• Records for the exercise:
==========

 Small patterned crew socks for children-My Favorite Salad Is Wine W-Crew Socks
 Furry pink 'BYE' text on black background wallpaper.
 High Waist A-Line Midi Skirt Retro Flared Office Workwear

==========

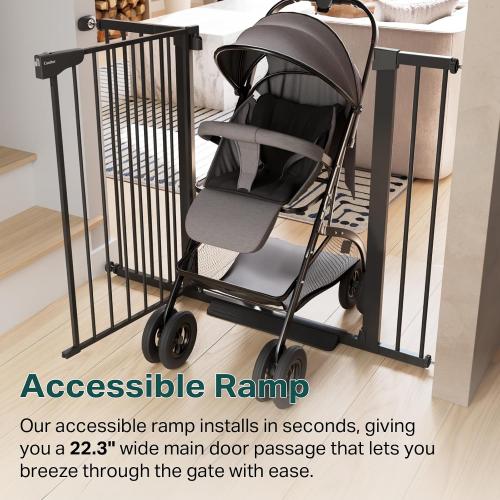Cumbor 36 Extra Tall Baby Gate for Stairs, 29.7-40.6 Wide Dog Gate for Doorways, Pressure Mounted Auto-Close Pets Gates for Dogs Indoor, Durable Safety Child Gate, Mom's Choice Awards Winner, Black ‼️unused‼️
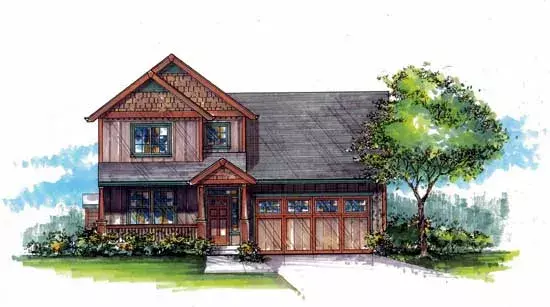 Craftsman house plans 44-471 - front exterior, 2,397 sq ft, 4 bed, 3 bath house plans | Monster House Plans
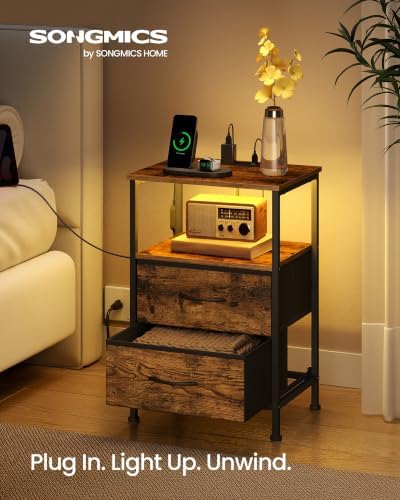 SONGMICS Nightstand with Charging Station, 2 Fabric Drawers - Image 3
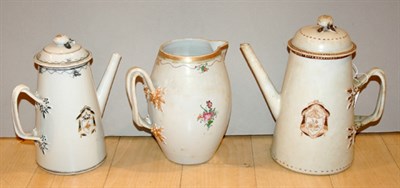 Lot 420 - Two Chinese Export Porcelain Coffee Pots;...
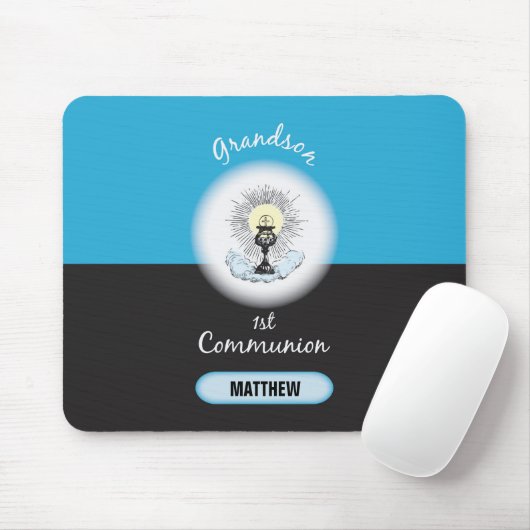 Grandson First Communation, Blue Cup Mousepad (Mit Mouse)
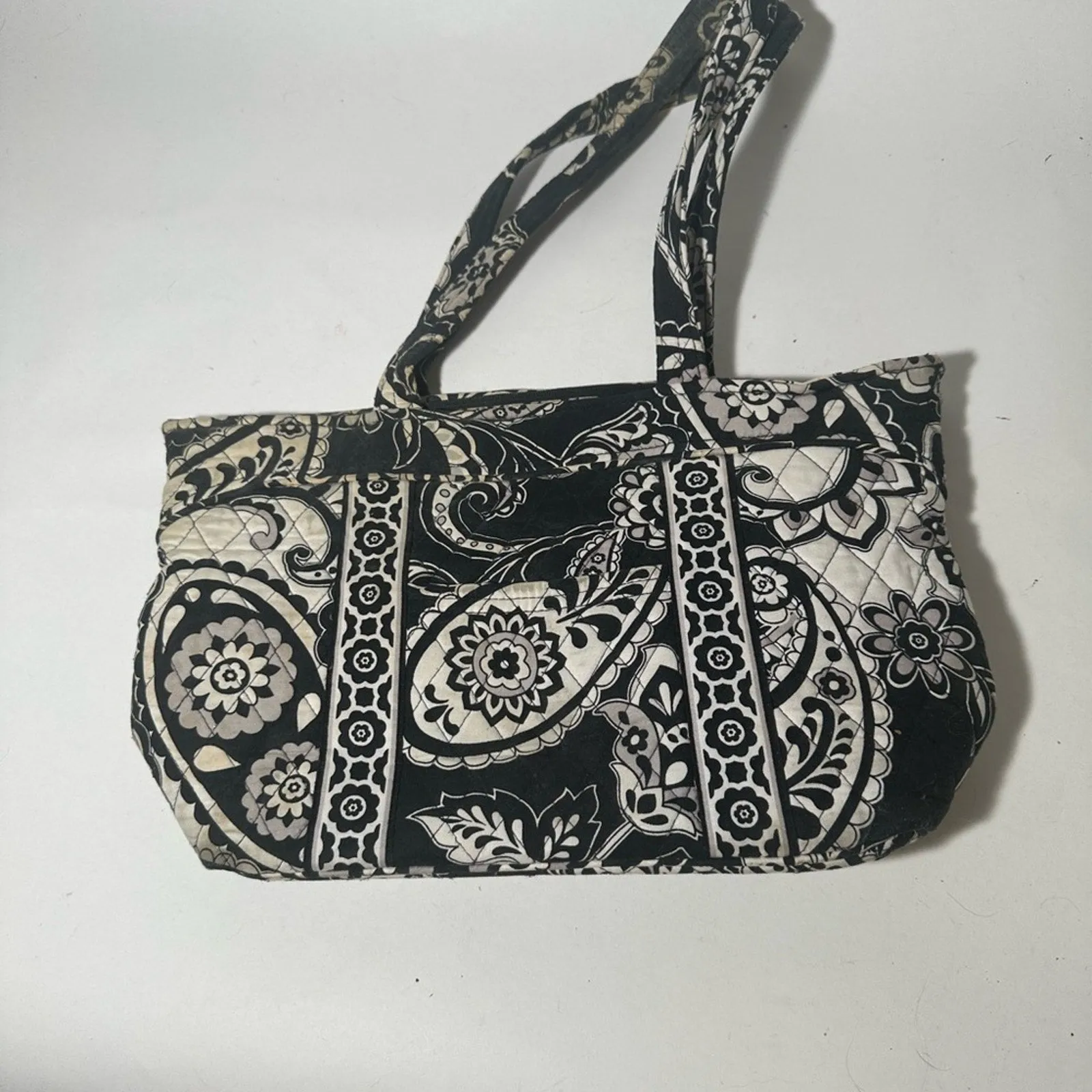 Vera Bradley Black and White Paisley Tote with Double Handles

==========

The lines to reproduce run from the one above containing "Lot 420 - Two" through the one containing "Vera Bradley Black". Copy them exactly and leave out all pictures.

• Answer area:
 Lot 420 - Two Chinese Export Porcelain Coffee Pots;...
 Grandson First Communation, Blue Cup Mousepad (Mit Mouse)
 Vera Bradley Black and White Paisley Tote with Double Handles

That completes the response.